Die Innenverwaltung wollte sich auf Nachfrage nicht zu dem Einzelfall äußern. Der Ablehnungsbescheid stützt sich unter anderem auf ein Gutachten der Senatswirtschaftsverwaltung. In diesem heißt es, dass „eine positive nachhaltige Tendenz nicht mit Sicherheit prognostiziert werden“ könne. Auf dieser Grundlage kann ein Aufenthalt abgelehnt werden.

„Weltfremd und realitätsfern“ sei die Argumentation hinsichtlich der wirtschaftlichen Potenz, sagt Sprecher Götz. Auch wenn die Ziele nicht erreicht worden seien, so hätten sie doch alle stets pünktlich Gehalt oder Honorar bekommen, so Götz. Im übrigen gebe es einen neuen Businessplan, nach dem 2015 die Gewinnschwelle erreicht werde. „Der Verlag setzt auf langsameres aber stetiges Wachstum“, so Götz. Er räumt ein, dass sein Chef zunächst „zu optimistisch und blauäugig“ gewesen sei

Einer der Gründe dafür mag Grebennikovs Verlag in Moskau sein, der sich auf Technikbücher spezialisiert hat. Nach eigenen Angaben eine Erfolgsgeschichte. Noch zu Sowjet-Zeiten gegründet, arbeiten heute 100 Mitarbeiter dort. Und verdienen offenbar so viel Geld, dass insgesamt 1,6 Millionen Euro aus Moskau nach Berlin fließen sollen, behauptet zumindest der Verleger.
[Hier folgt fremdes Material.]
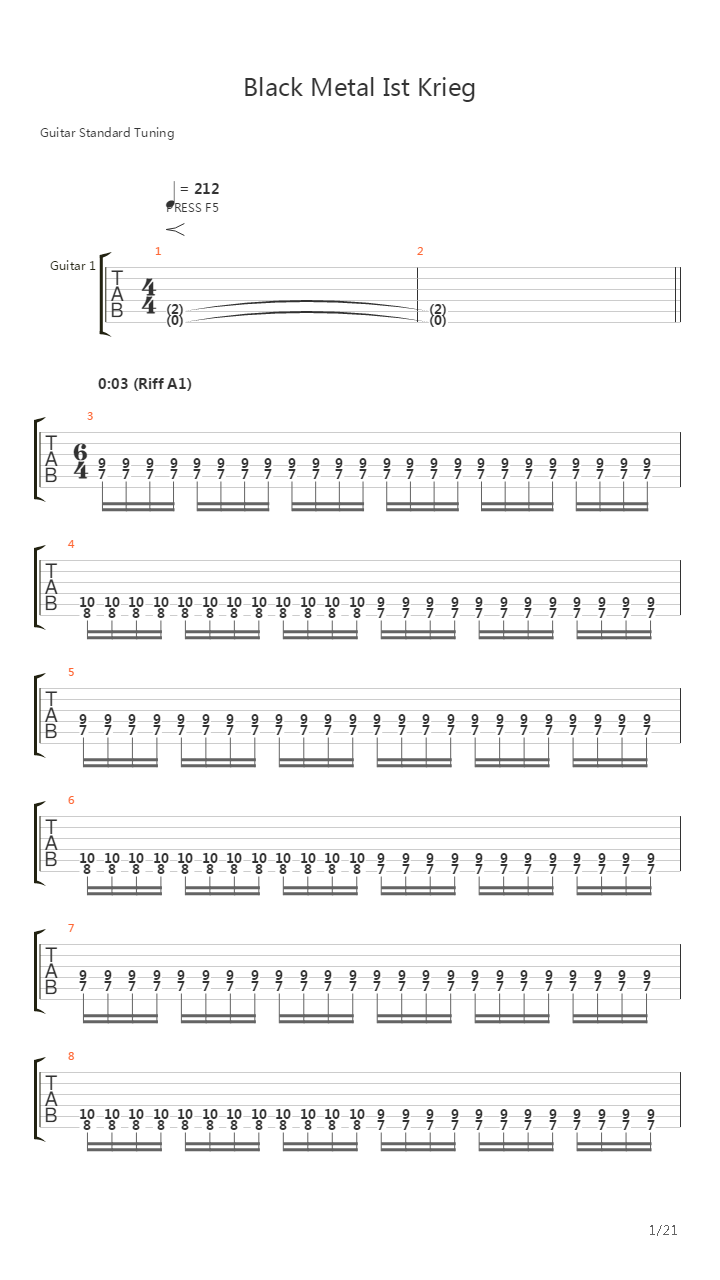 Black Metal Ist Krieg吉他谱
Dazu wird es wohl nur kommen, wenn die Familie bleiben darf. Alexander Grebennikov sagt, dass er sein Geld wahrscheinlich anderswo investieren würde, wenn man ihn hier nicht leben ließe. Eine Abschiebung sei ein fatales Signal, sagt Thomas Götz und fragt rhetorisch: „Wie willkommen sind eigentlich Leute, die hier Arbeitsplätze schaffen?“

Inzwischen ist immerhin sicher, dass die Familie noch nicht am heutigen Stichtag ausreisen muss. Sie hat beim Verwaltungsgericht Klage und Eilantrag gegen den Bescheid eingereicht. Nun hat die Behörde einige Wochen Zeit für eine Antwort. Danach entscheidet das Gericht, ob es die Klage zulässt.